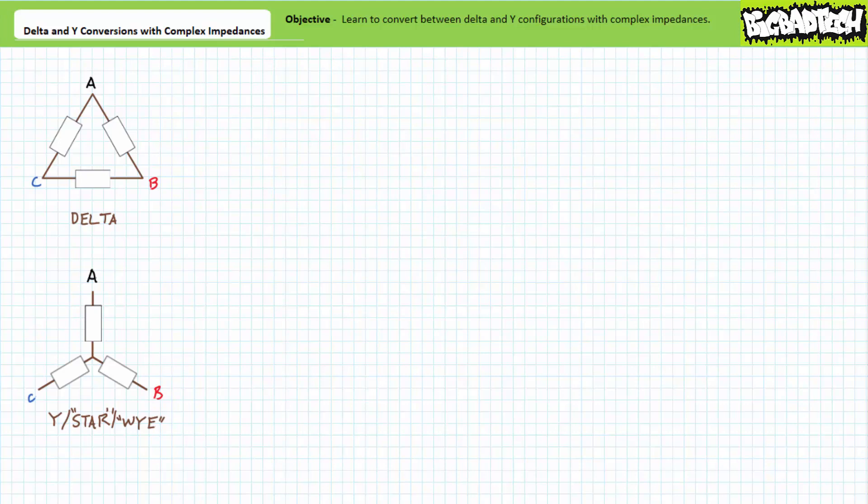Good day, and welcome to Big Bad Tech. I'm your instructor, Jim Pytel, and today's topic of discussion is delta to Y and Y to delta conversions with complex impedances.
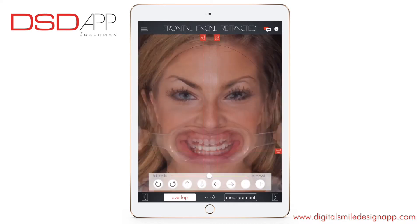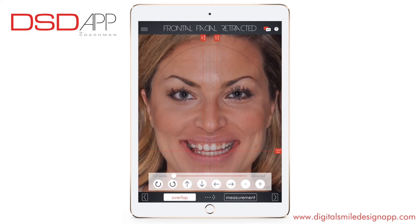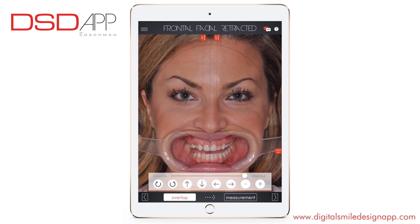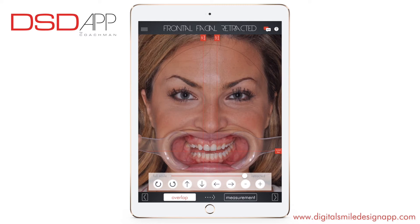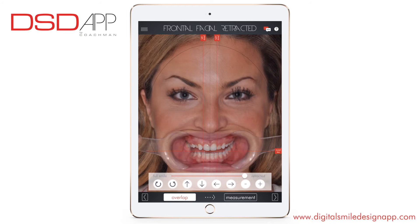Now we are scanning the retracted picture. Moving the opacity slider from right to left will display the full smile picture or the retracted picture. Adjust the position and size of the retracted picture. Make sure the overlapping is as good as possible — only concentrate on the mouth area.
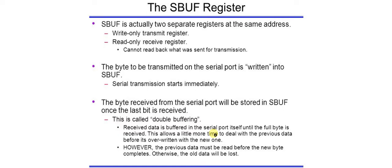It is a serial data register. The 8051 controller has 2 serial data registers. First is SCON and second is SBUF.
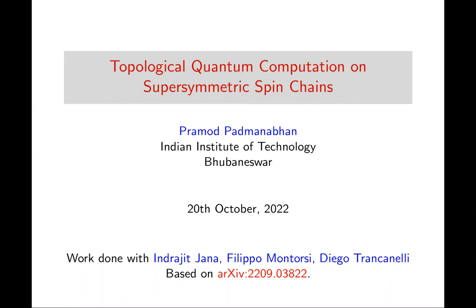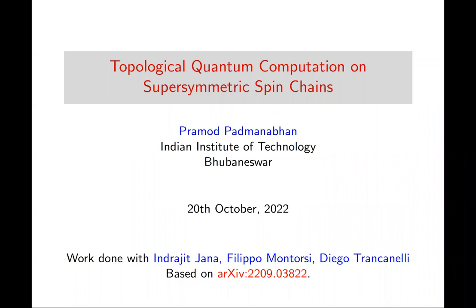Thank you. I am happy to be speaking at IIT Madras again — I've been visiting often. I will talk about some work we put out a few weeks ago, and I will give the brief ideas — not in full detail but the flavor of it. This is work done with my colleague Indrajit and a couple of Italian collaborators, and it can be found in the reference shown.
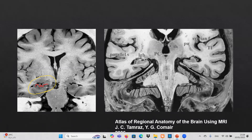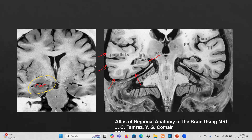In this coronal image we have many gyri to identify: the parahippocampal gyrus, the fusiform gyrus, inferior temporal, middle temporal, and superior temporal gyrus. We also have an important sulcus here called the collateral sulcus, located between the parahippocampal gyrus and the fusiform gyrus. This is the anatomy of the temporal lobe.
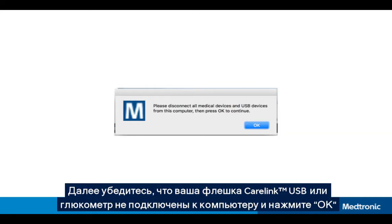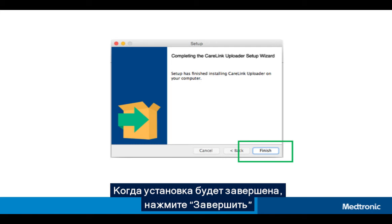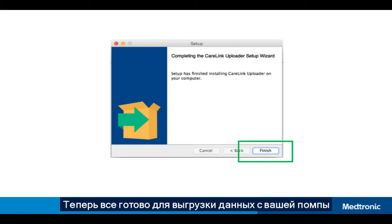When asked, make sure that your CareLink USB or meter is not plugged in and select OK. When the installation has completed, select Finish. You are now ready to upload your pump data into CareLink.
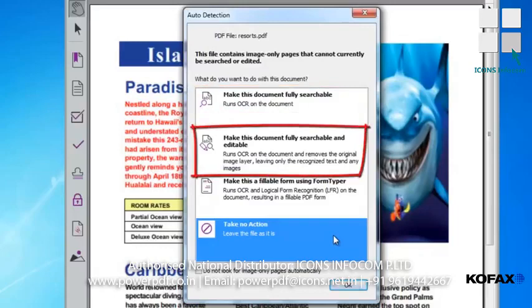Or if we select Make the document fully searchable and editable, the document will be completely converted into a text document, and the original scanned file is not maintained. The application will try to faithfully reproduce the original, but you may see some changes. The benefit of this process is that all the text can be edited as well as searched.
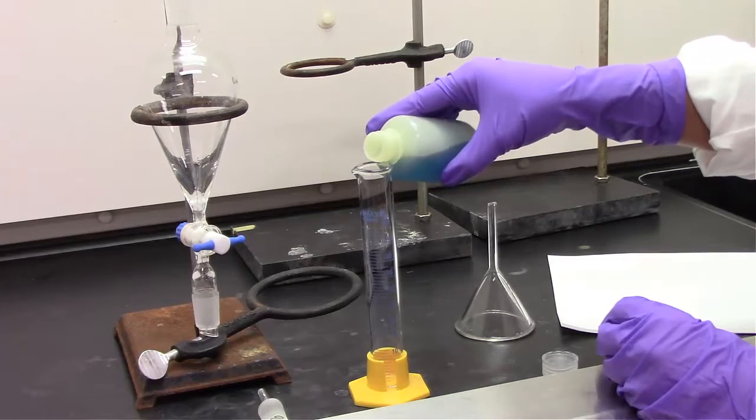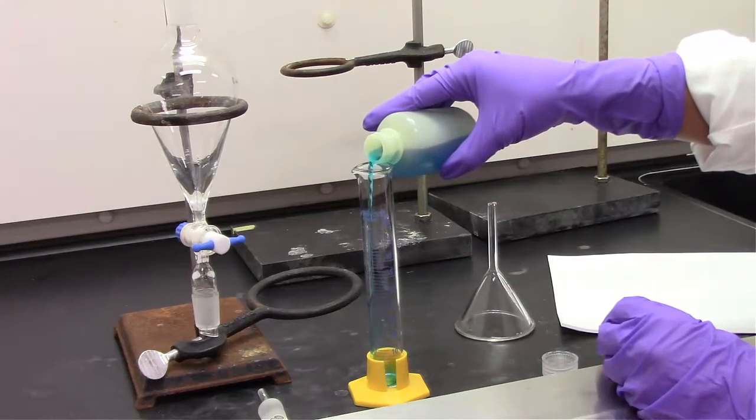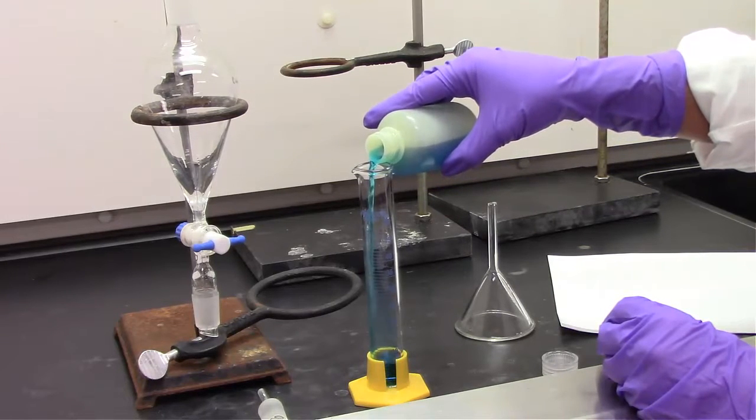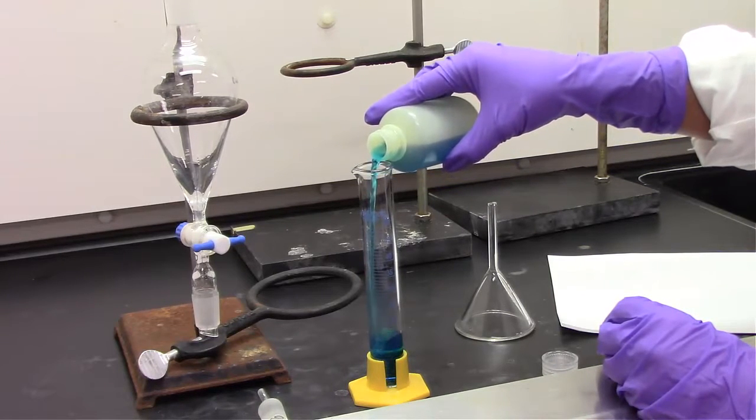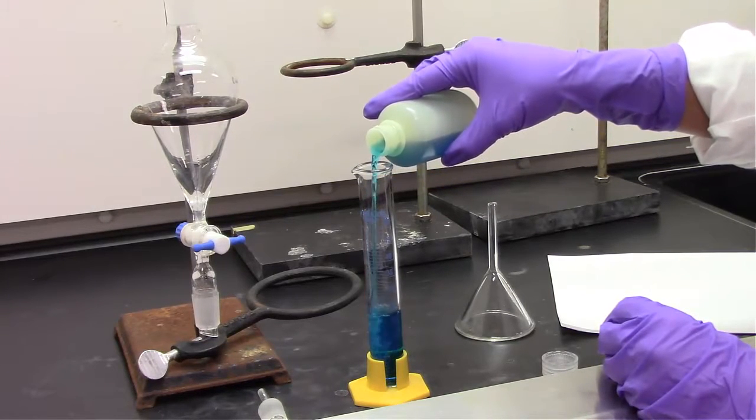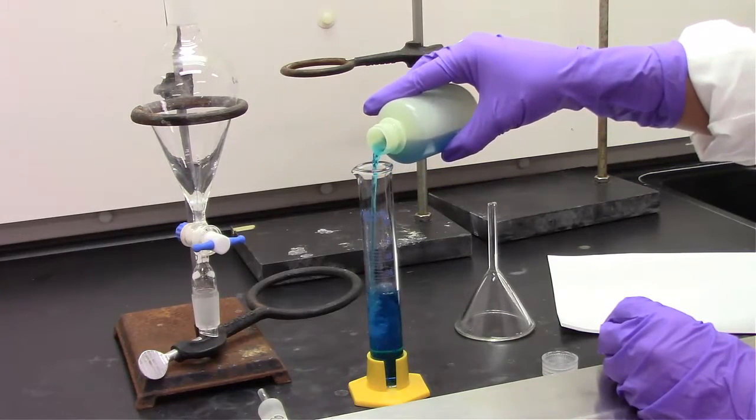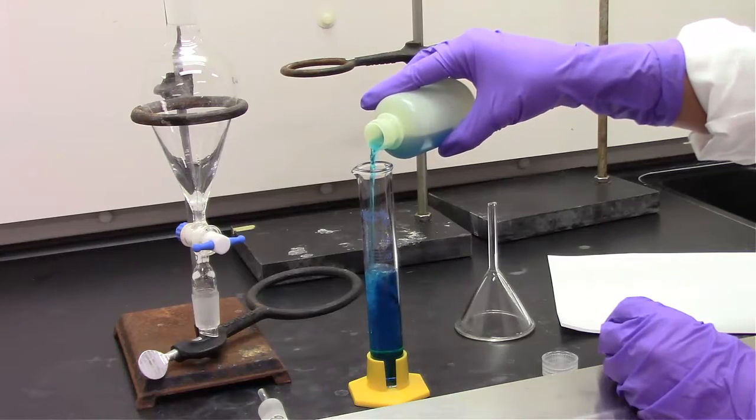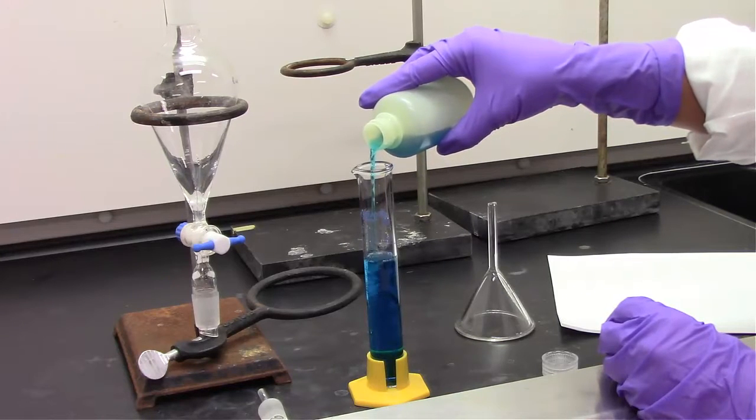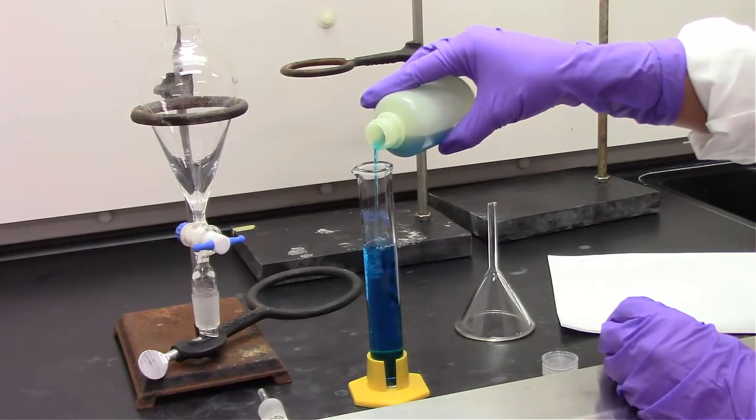In this experiment, we are going to look at a mixture of acetone and water, also with some blue dye in it, and try to separate the acetone from the water.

■ ■ ■ ■ ■ ■ ■

# BRIEF:
Repeat the listing above from its first line through the line that contains "When asked, make", both included, and nothing more. Drop the pictures.

# EXERCISE OUTPUT:
Good day, and welcome to Big Bad Tech. I'm your instructor, Jim Pytel, and today's topic of discussion is delta to Y and Y to delta conversions with complex impedances.
Now we are scanning the retracted picture. Moving the opacity slider from right to left will display the full smile picture or the retracted picture. Adjust the position and size of the retracted picture. Make sure the overlapping is as good as possible — only concentrate on the mouth area.
It is a serial data register. The 8051 controller has 2 serial data registers. First is SCON and second is SBUF.
Thank you. I am happy to be speaking at IIT Madras again — I've been visiting often. I will talk about some work we put out a few weeks ago, and I will give the brief ideas — not in full detail but the flavor of it. This is work done with my colleague Indrajit and a couple of Italian collaborators, and it can be found in the reference shown.
In this coronal image we have many gyri to identify: the parahippocampal gyrus, the fusiform gyrus, inferior temporal, middle temporal, and superior temporal gyrus. We also have an important sulcus here called the collateral sulcus, located between the parahippocampal gyrus and the fusiform gyrus. This is the anatomy of the temporal lobe.
When asked, make sure that your CareLink USB or meter is not plugged in and select OK. When the installation has completed, select Finish. You are now ready to upload your pump data into CareLink.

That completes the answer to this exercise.